• WORK INSTRUCTION:
From the line with "セール ガウン風フードコート ローズバッド Rose Bud Magaseek" through the line with "Загородный дворец эмира", repeat the entries verbatim, both end lines included, and add nothing.

• INFORMATION SHOWN:
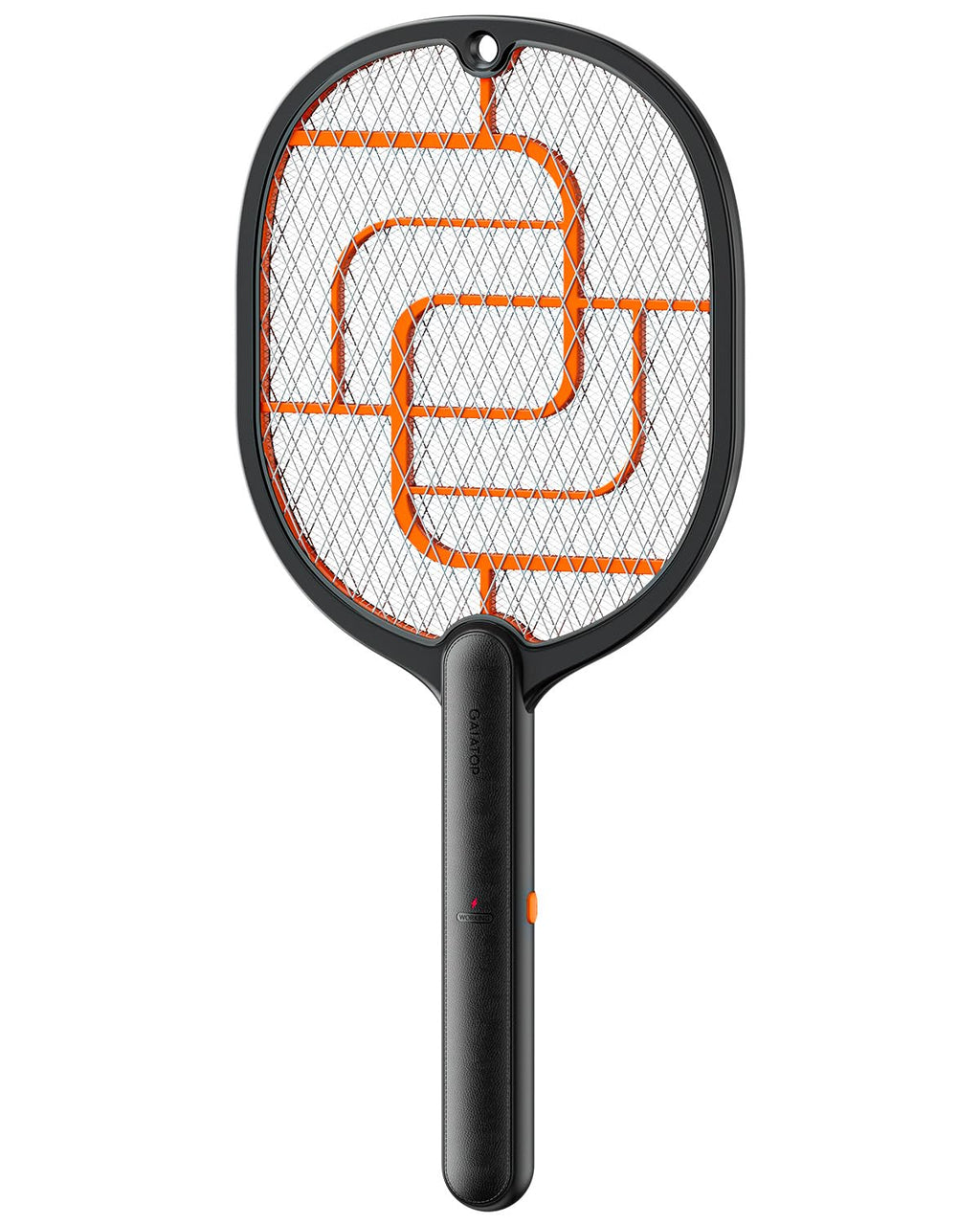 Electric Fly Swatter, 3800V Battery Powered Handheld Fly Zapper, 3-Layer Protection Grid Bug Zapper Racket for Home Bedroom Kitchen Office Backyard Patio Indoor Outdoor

...

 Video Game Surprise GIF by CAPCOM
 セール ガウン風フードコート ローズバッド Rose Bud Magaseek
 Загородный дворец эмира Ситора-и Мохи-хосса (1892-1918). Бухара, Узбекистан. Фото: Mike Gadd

...

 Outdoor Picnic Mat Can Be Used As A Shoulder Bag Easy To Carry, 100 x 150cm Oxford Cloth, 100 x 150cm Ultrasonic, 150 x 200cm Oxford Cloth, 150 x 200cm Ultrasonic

• EXERCISE RESULT:
 セール ガウン風フードコート ローズバッド Rose Bud Magaseek
 Загородный дворец эмира Ситора-и Мохи-хосса (1892-1918). Бухара, Узбекистан. Фото: Mike Gadd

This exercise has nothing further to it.